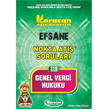 2.Snf 3.Yaryl Genel Vergi Hukuku Nokta At Sorular Kod: 316 Karacan Yaynlar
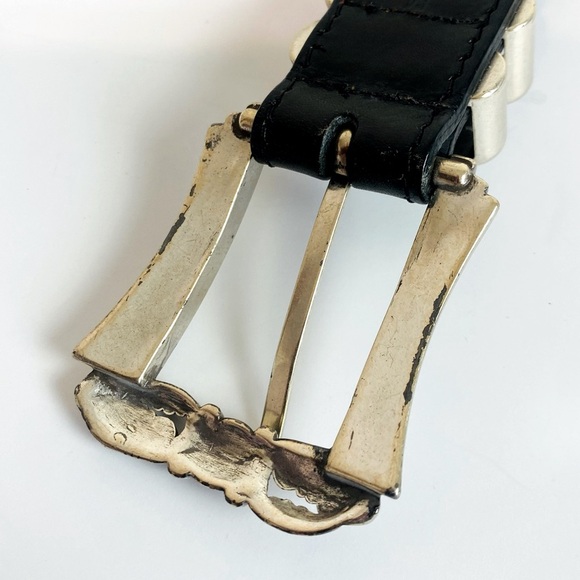 Brighton Dark Brown Braided Leather Belt Size M/30 - Picture 4 of 7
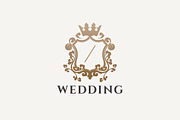 Wedding Crest Luxury Logo, a Branding & Logo Template by Design_Planet (Thumbnail 1 of 3)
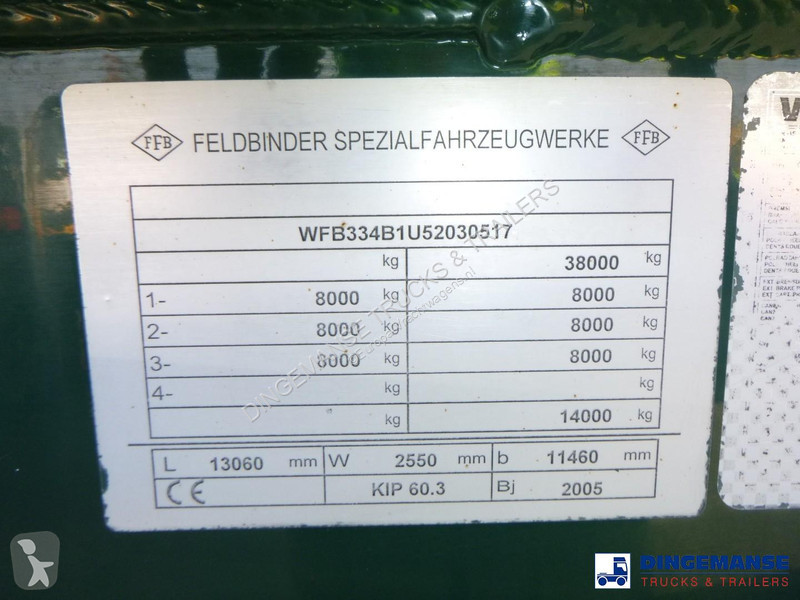 Semirremolque Feldbinder Powder tank alu 60 m3...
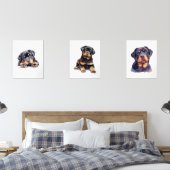 Rottweiler Home Decor, Rottweiler Muurkunst Muurkunst Sets (Slaapkamer)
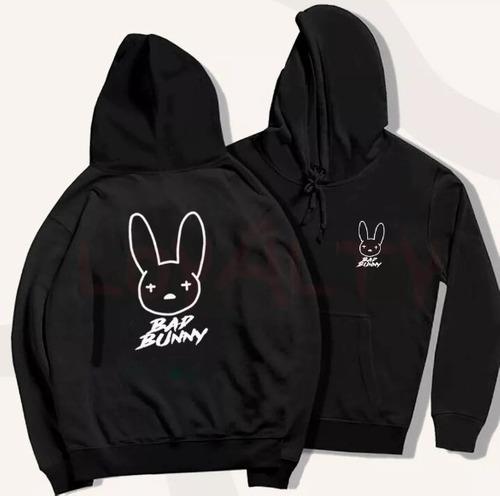Bad Bunny Buzos Canguro Unisex Reggeton Trap Hip Hop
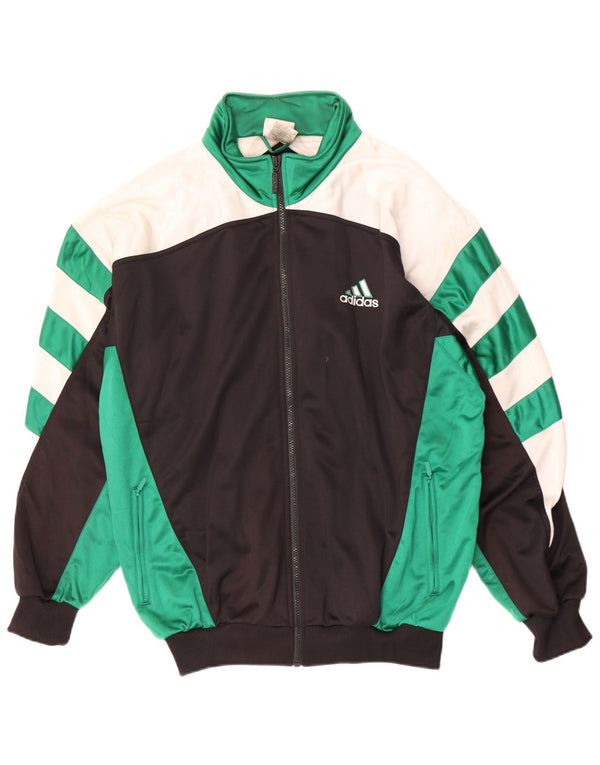 Giacca da ginnastica grafica da uomo Adidas UK 42/44 Large Black Colourblock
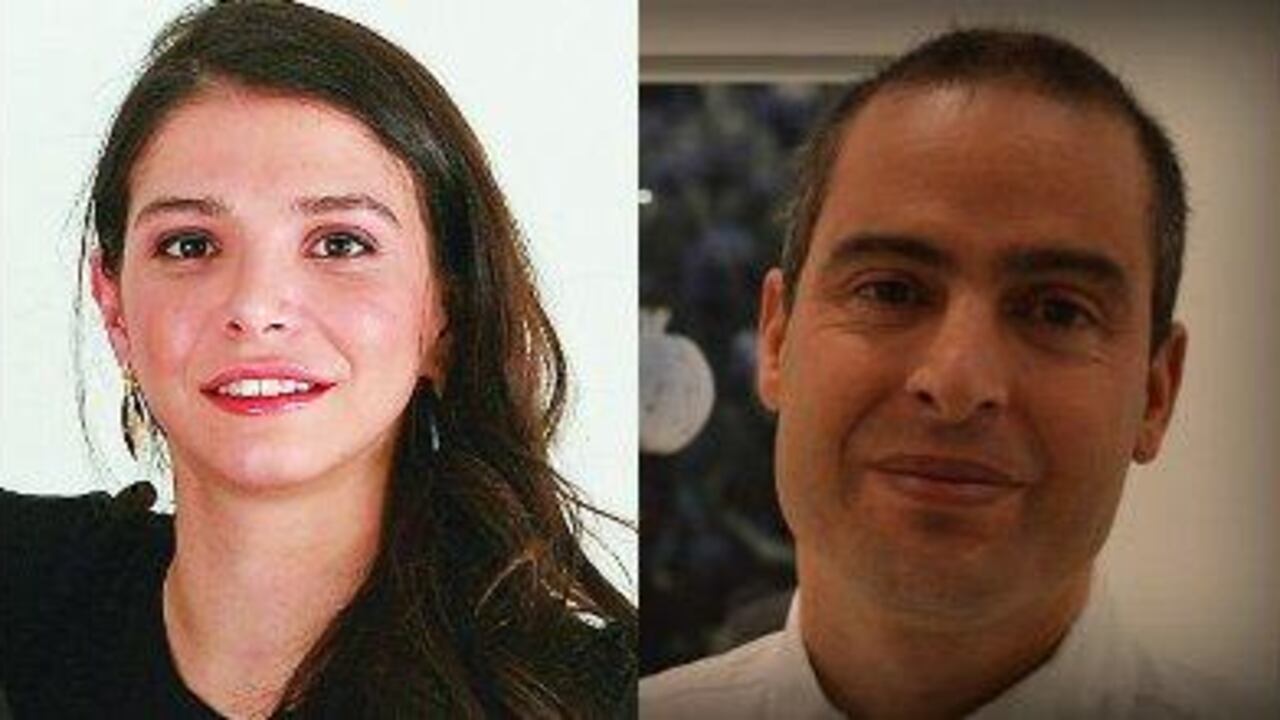 María Paz Gaviria, directora de Artbo, y Juan Fernando Herrán.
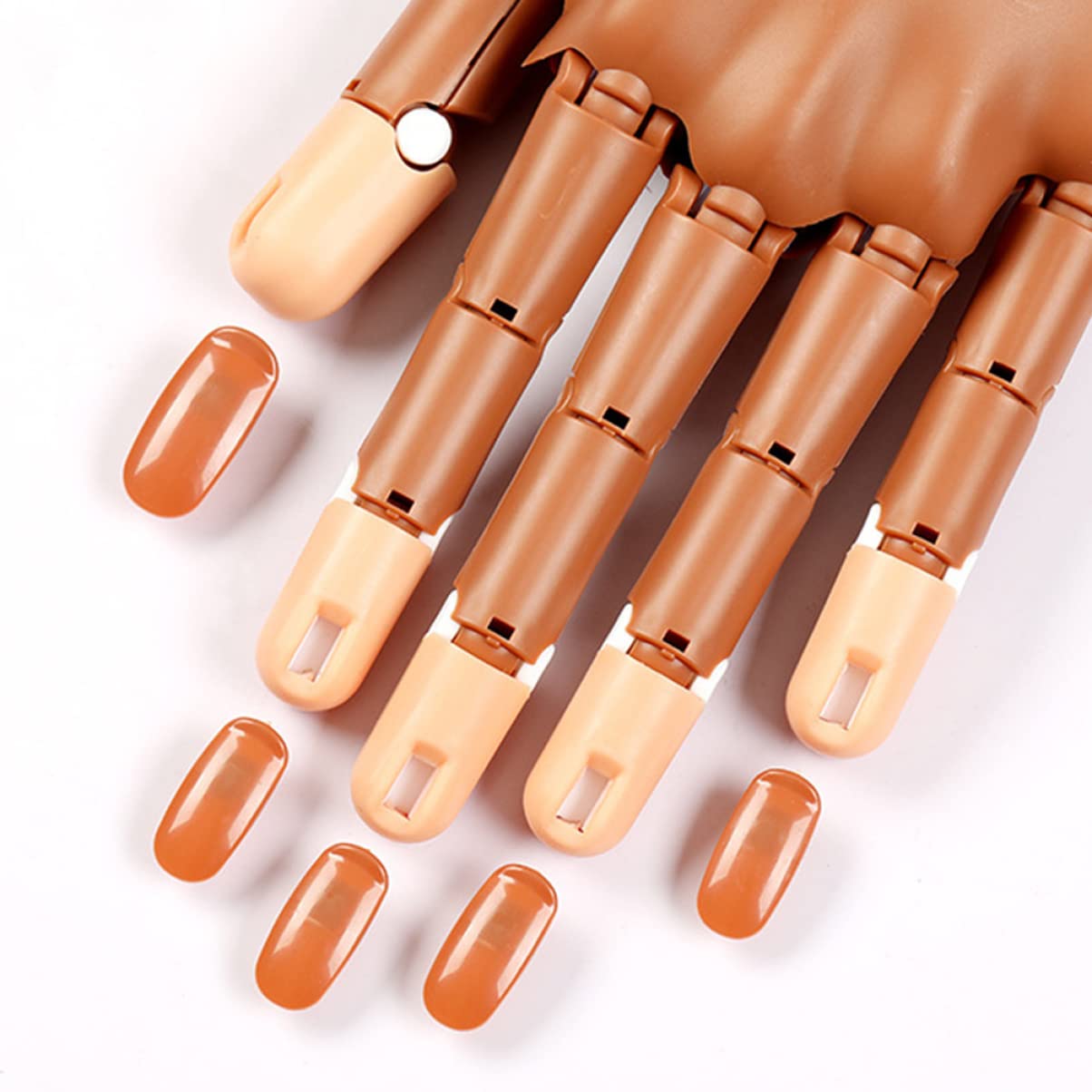 900pezzi Manicure Training Fake Nails Nail Art Practice Tips for Beginners and Professionals Lightweight for Art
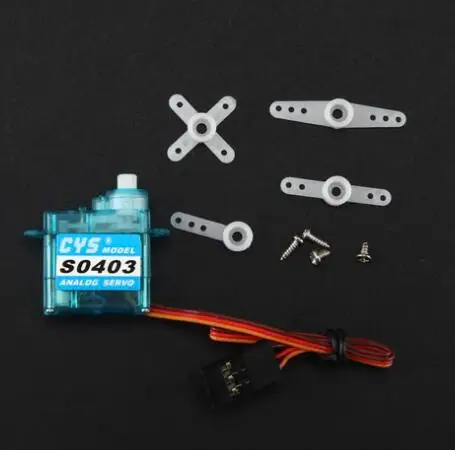 CYS-S0403 4.3g muslimplastic Gear Micro piccolo Servo per RC indoor Plane Boat Car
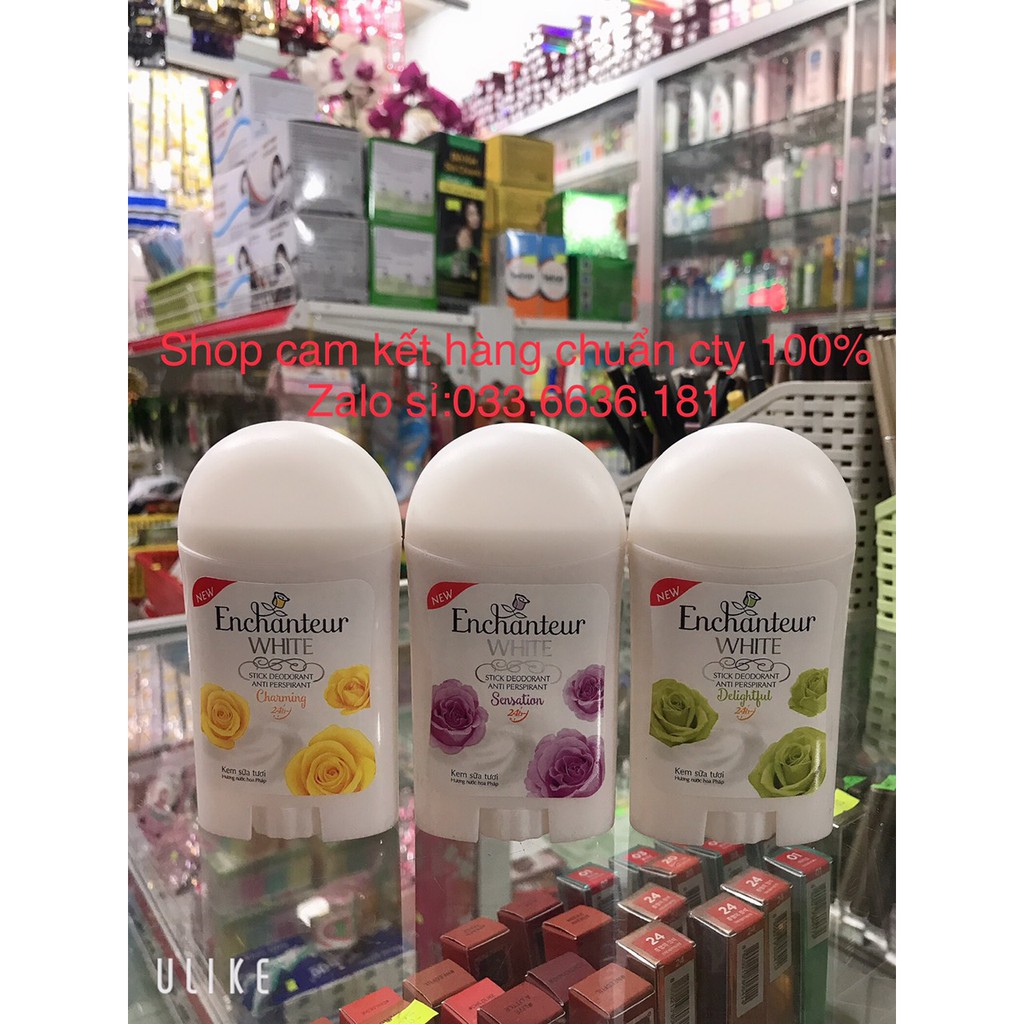 sáp khử mùi trắng da ENCHANTEUR 40g [ chuẩn hàng cty 100%]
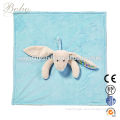 High populairty lovely animal shaped blue bunny plush doudou toys for kids and gift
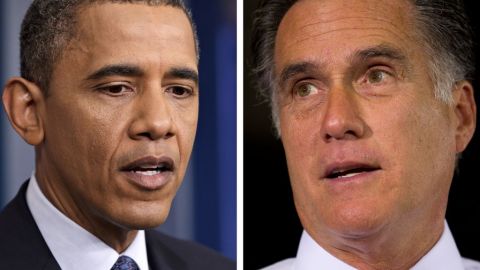 Barack Obama y Mitt Romney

*-*-*

*Exercise*.
From the line containing "María Paz Gaviria, directora" down to the last line of the data, print every line exactly and nothing else. Pictures stay out of the copy.

*Exercise result*.
 María Paz Gaviria, directora de Artbo, y Juan Fernando Herrán.
 900pezzi Manicure Training Fake Nails Nail Art Practice Tips for Beginners and Professionals Lightweight for Art
 CYS-S0403 4.3g muslimplastic Gear Micro piccolo Servo per RC indoor Plane Boat Car
 sáp khử mùi trắng da ENCHANTEUR 40g [ chuẩn hàng cty 100%]
 High populairty lovely animal shaped blue bunny plush doudou toys for kids and gift
 Barack Obama y Mitt Romney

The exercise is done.